Put Your Heart Into It

February 16th, 2016

iStock Image: 60992736

iStock Photo

I think we’ve all heard the statistics about cardiovascular disease, which includes heart disease, stroke and high blood pressure. By now, we know it is the number one killer of men and women in the United States. Heart disease alone kills one in four Americans each year.

What you might not know is that heart disease is preventable in many cases if you make healthy choices and manage your health conditions. Topics such as a healthy diet and exercise get a lot of the press time, but managing stress in your life is just as important. Stress is more than an emotional upheaval. Too much of it not handled properly can affect you physically as well.

The American Heart Association has an entire stress management section on its webpage with lots of good information and tips. Here, I’ll focus on what stress can do to you and mention a few things you can do to combat those effects. The website has many more.

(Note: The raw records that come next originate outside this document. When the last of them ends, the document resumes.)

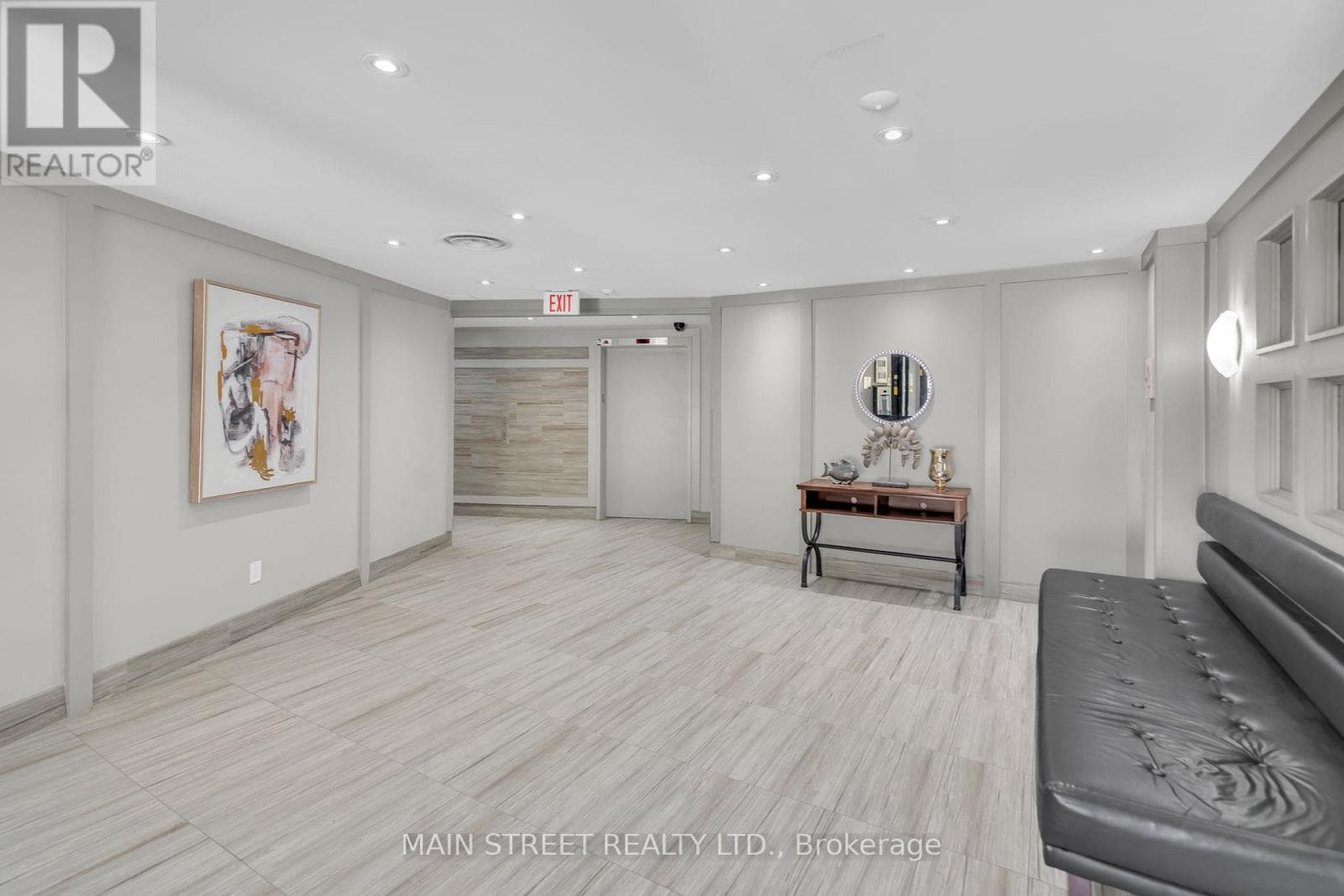 Single Family at 1008- 260 Davis Drive, Newmarket (Central Newmarket), Ontario - Photo 5 - RE/MAX Garden City Realty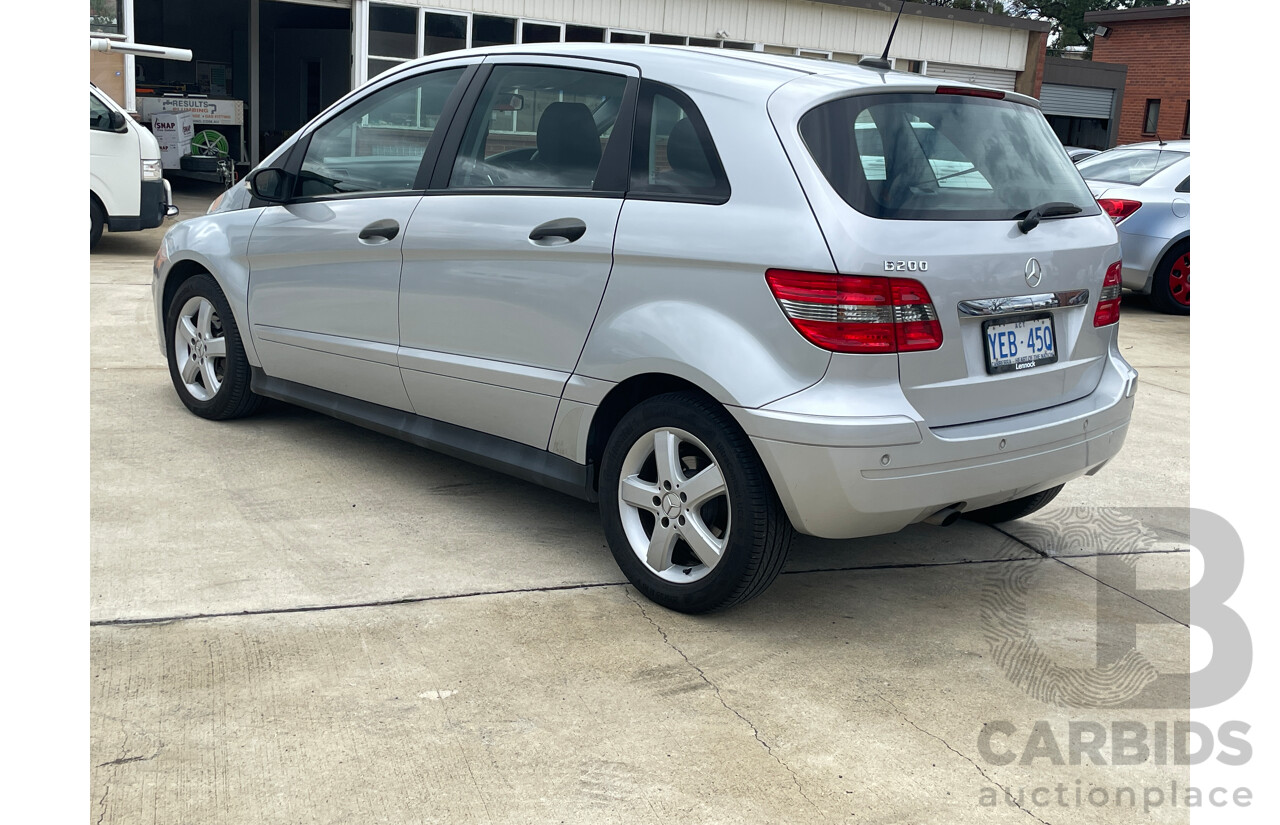 2/2006 Mercedes-Benz B200  245 5d Hatchback Silver 2.0L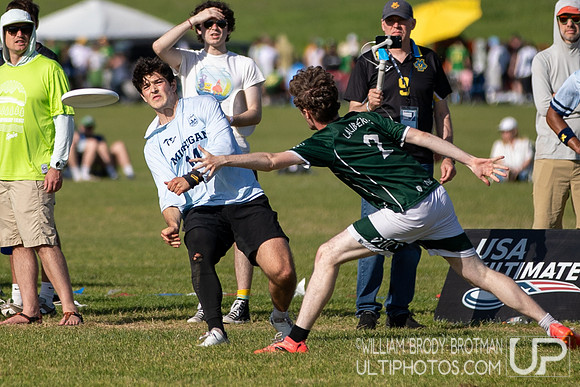 Day 2 of the USA Ultimate D-I College Championships
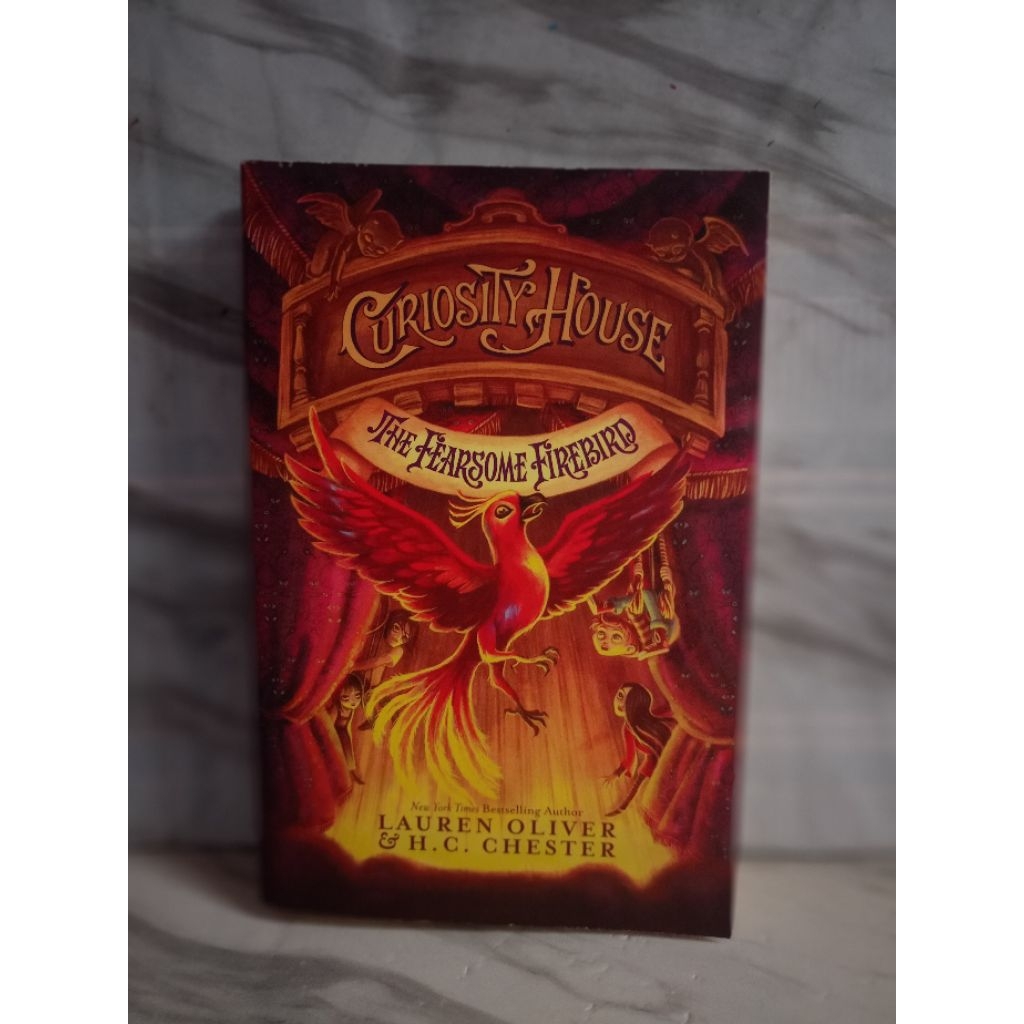 IMPORT: CURIOSITY HOUSE: THE SHRUNKEN HEAD by Lauren oliver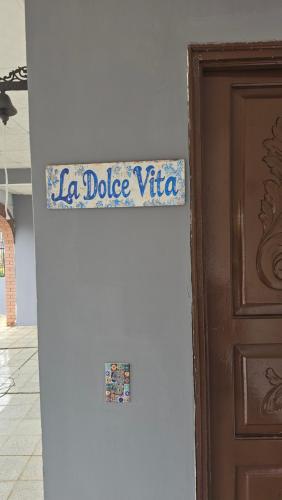 Cuartos independientes con baño privado - Casa La Dolce Vita Las Tablasに飾ってある許可証、賞状、看板またはその他の書類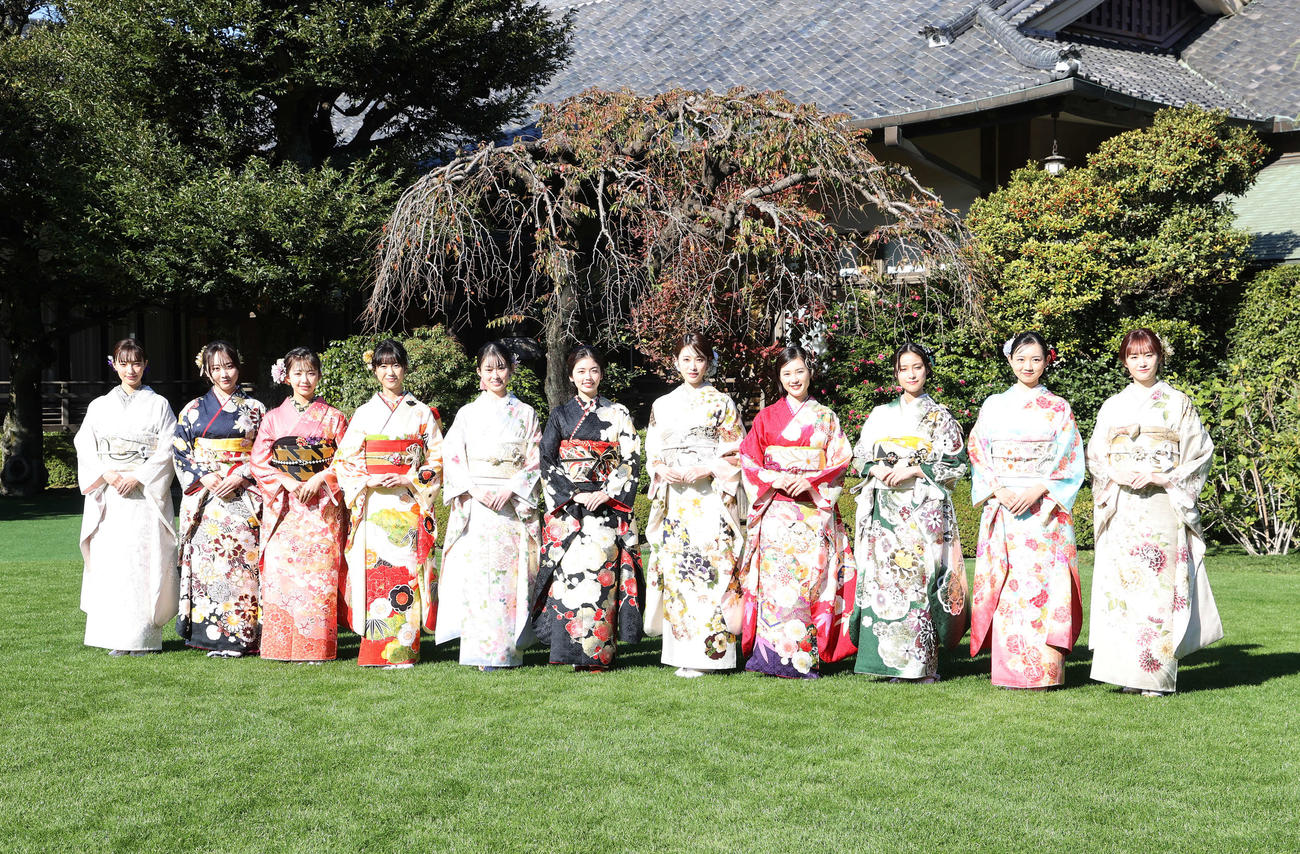 晴れ着を披露する、宮本茉由、本田望結、ギュナイ滝美、大角ゆき、井本彩花、小芝風花、高橋ひかる、井頭愛海、玉田志織、近藤結良、尾碕真花（撮影・鈴木正人）
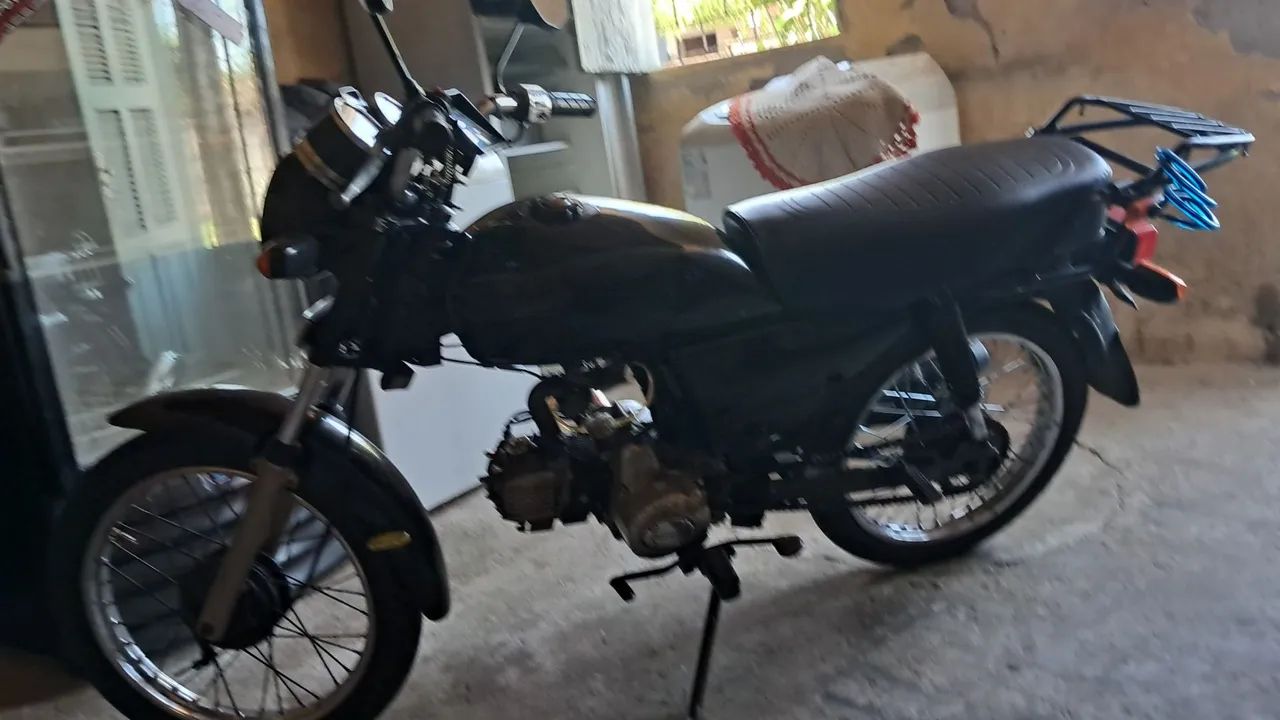 Moto toda boa com documentação  - Foto 2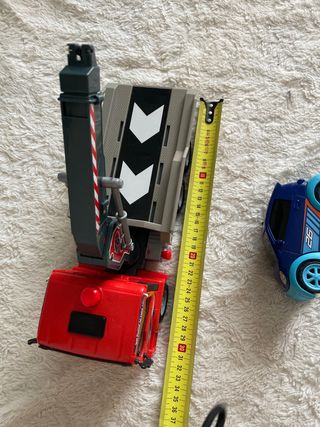 Camión grúa hidraulica de juguete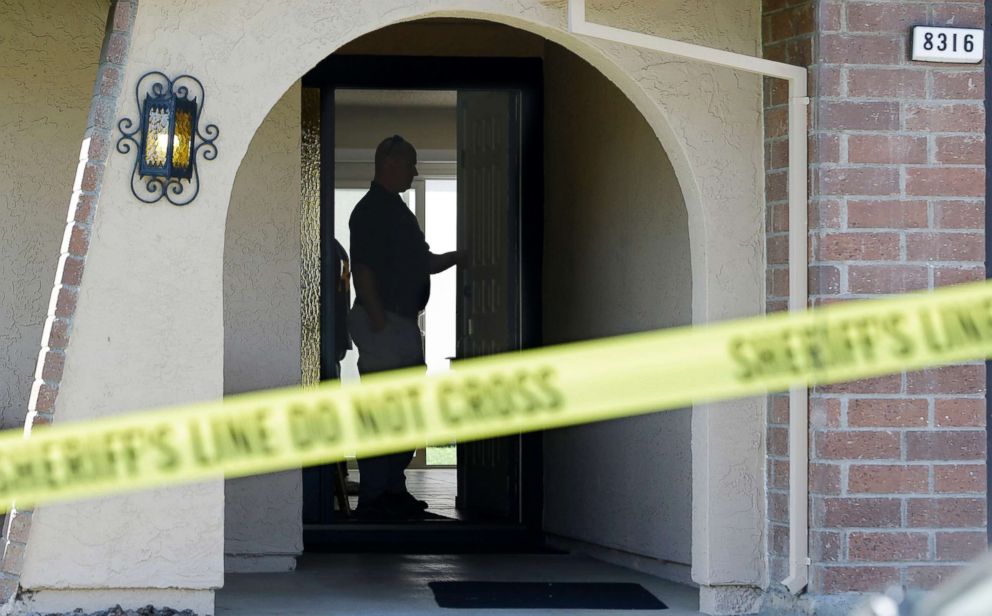 PHOTO: Authorities search the home of suspect Joseph James DeAngelo, April 25, 2018, in Citrus Heights, Calif.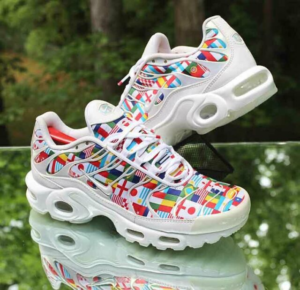 Alternative view of Giày Nike Air Max Plus 'International Flag' AO5117-100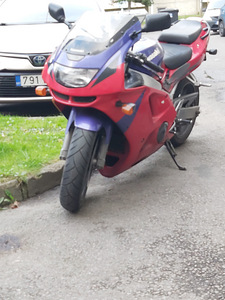 Kawasaki zx600-A2 (10 фото из 10)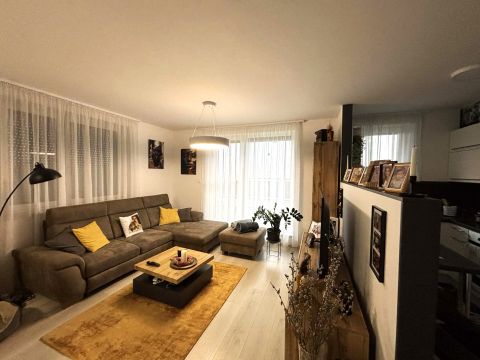 Eladó Lakás 9200 Mosonmagyaróvár , Járfalui utca környéke 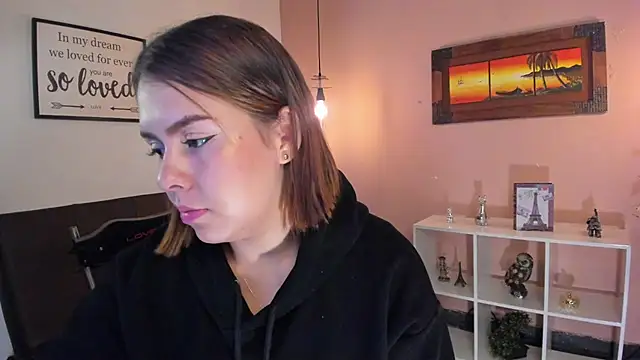 ArianaBaker online show from 18, 2, 2025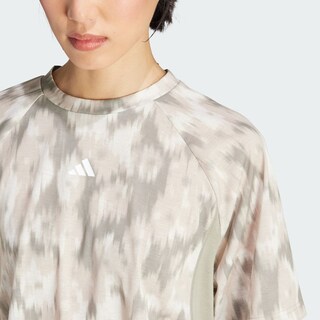 Foto 8 | Playera Train Essentials Estampado Floral Tie-dye Adidas Verde Mujer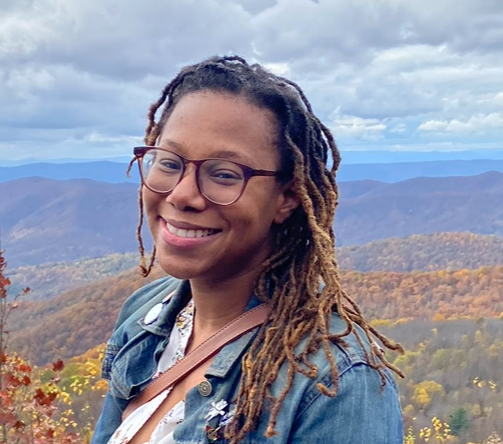 Headshot of Victoria Moten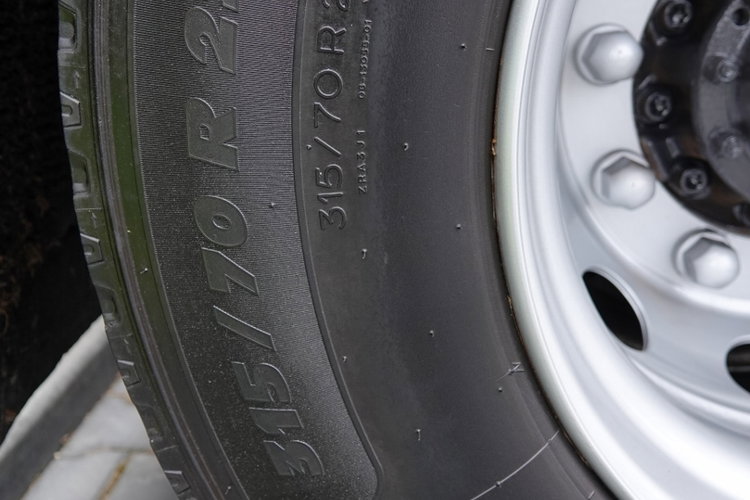 Scania R 410 / LNG / RETARDER / PRZÓD NA PODUSZKACH / 2020 ROK zdjęcie 25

Think about what causes you to feel stress. For many of us, work is a big contributor, but many things can leave a person feeling stressed. It could be an illness, either personal or that of a loved one, relationship problems, financial concerns or just the hassles of everyday life.

When we’re stressed, we often feel anxious, irritated and out of control. You might not connect them, but those little (or big) aches and pains you get – like headaches, backaches or stomachaches – could also be related to stress, as well. So could those feelings of depression and helplessness, tenseness and anger. If you’re having trouble sleeping or you’re feeling tired all the time, that could be stress, too.

The AHA admits the link between chronic stress and heart disease is not clear, but we do know that the body reacts to stress by releasing adrenaline, igniting the “fight or flight” response, which includes increasing the heart rate and blood pressure. Chronic stress causes a person to be on “high alert” for long periods of time. That’s got to take a toll on the ticker after a while.

Let’s switch gears and talk about how we can cope with the stress that is pretty much inevitable in our lives. The AHA has some good ideas. Besides the basics of eating better and getting physical activity, they suggest you fight stress with healthy habits. Here are a few they recommend (see their website for the whole list):

  • Remember to laugh – It’s the “best medicine,” and it works for stress, too.
  • Slow down – Plan ahead and give yourself plenty of time to get each task done. This way, you’re not rushing around trying to do everything at once.
  • Practice giving back – Helping others helps you as well.
  • Try not to worry – The world won’t end if you don’t mow your lawn or clean your kitchen today. It will still get done if you do it another time.

The AHA also offers some other stress management tools including positive self-talk and daily relaxation tips. If you want more, many community health centers and even some hospitals offer classes on stress management. Certain forms of exercise, such as yoga and Tai Chi, are also good at relaxing the mind and body and relieving stress.

While we don’t fully understand the link between stress and heart disease, we do know that stress, especially chronic stress, takes a terrible toll on our bodies, leading to emotional and physical responses. Often, we deal with chronic stress by engaging in negative behaviors: We eat too much, we drink too much, and we rush around in a panic and ignore the gym.

Determining the cause of our stress, recognizing our responding behaviors and making some healthy adjustments are essential to managing stress in our lives. Pay attention, and give your heart a lucky break!